Brysons Fachkollegen sind von dem Ergebnis nicht sonderlich überrascht. "Computerlinguistische Algorithmen werden Vorurteile solange reproduzieren, wie sie von Menschen ins Internet gestellt werden. Wie man in den Wald hineinruft, so schallt es auch heraus”, sagt Michael Strube vom Heidelberg Institute for Theoretical Studies.

„Bräuchten Pädagogik der KI“

Beispiele dafür ließen sich auch aus anderen Bereichen der Künstlichen Intelligenz finden. Die automatische Gesichtserkennung von „Google Photos“ kategorisierte dunkelhäutige Menschen vor ein paar Jahren als „Gorillas“. Und Microsoft musste letztes Jahr den selbständig lernenden Chatbot „Tay“ wieder vom Netz nehmen, nachdem ihm Trolle rabiat-rassistische Sprüche beigebracht hatten.

„Wenn Künstliche-Intelligenz-Systeme mit einseitigen Daten trainiert werden, ist es nicht verwunderlich, dass sie eine einseitige Sicht auf die Welt lernen“, sagt Christian Bauckhage vom Fraunhofer-Institut für Intelligente Analyse- und Informationssysteme.

Seine Empfehlung: Softwareentwickler müssten sich ihrer Verantwortung bewusst sein, wenn sie intelligente Systeme erschaffen. "Das ist eigentlich das Gleiche wie in der Kindererziehung. Vielleicht bräuchten wir so etwas wie eine Pädagogik der Künstlichen Intelligenz.“

Mehr als Schall und Rauch

Dass die Bedeutungsnuancen von Wörtern mitunter sehr handfeste Auswirkungen auf das Leben und den Alltag haben, weiß man spätestens seit einem Versuch der Ökonomin Marianne Bertrand. Sie verschickte 5.000 identische Bewerbungen an Firmen und variierte dabei nur die Namen der Kandidaten.
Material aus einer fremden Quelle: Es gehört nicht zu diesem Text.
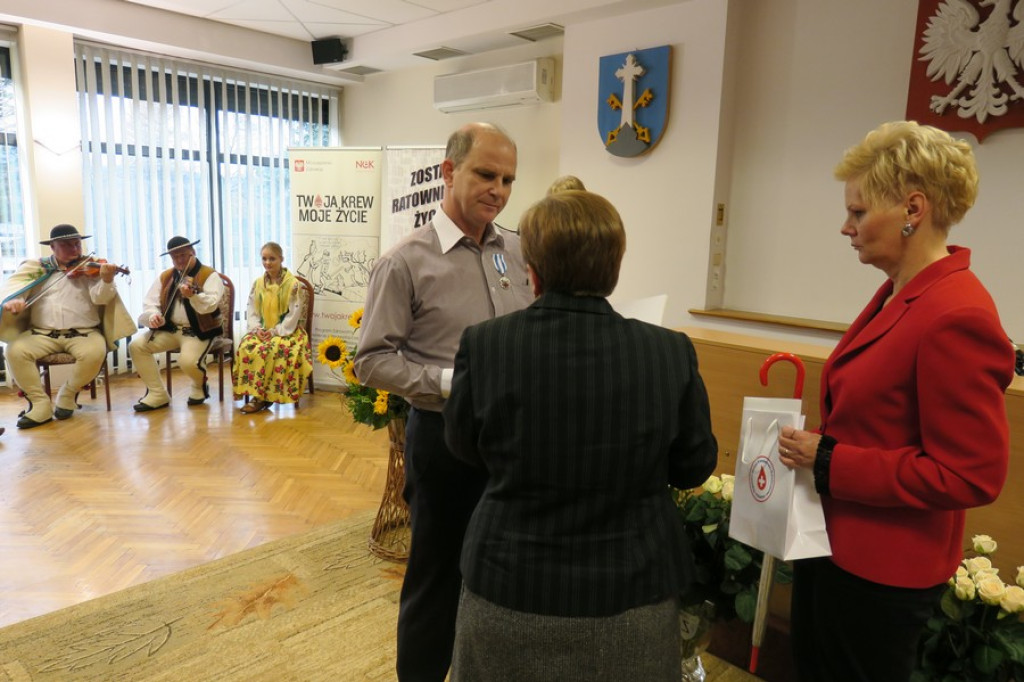 Ratownicy życia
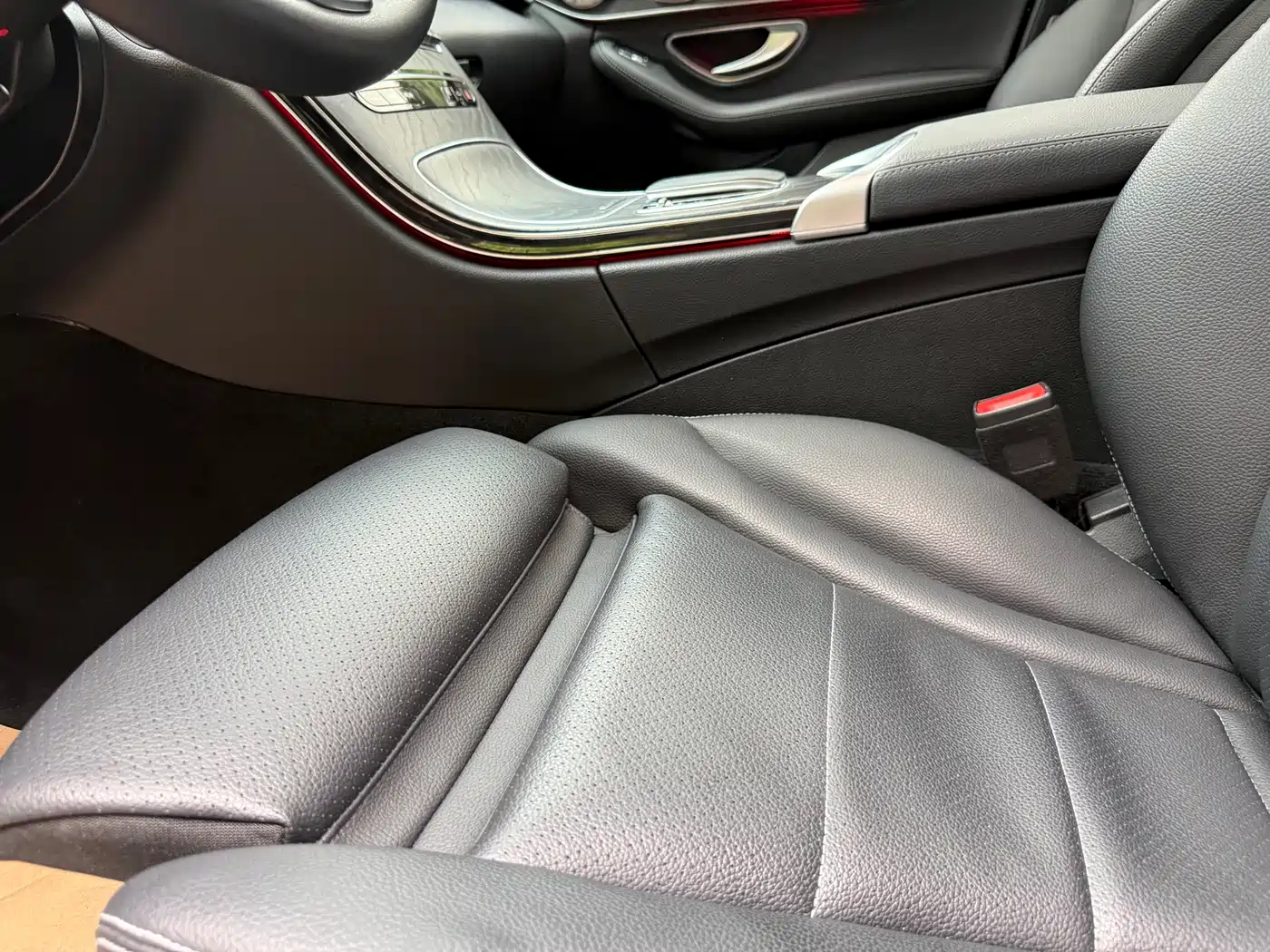 Mercedes-Benz C-Class 2019 Facelift C 260 L Sport фото 16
Resultat: Bewerber mit europäischen Namen waren im Vergleich zu Afroamerikanern klar im Vorteil. Sie erhielten 50 Prozent mehr Einladungen zum Bewerbungsgespräch. Auch dieses Ergebnis konnte Bryson mit ihrem Programm reproduzieren. Sie zeigt in ihrer Studie: „Weiße“ Namen besitzen eine angenehmere Semantik als „schwarze“. Der Gebrauch macht den Unterschied.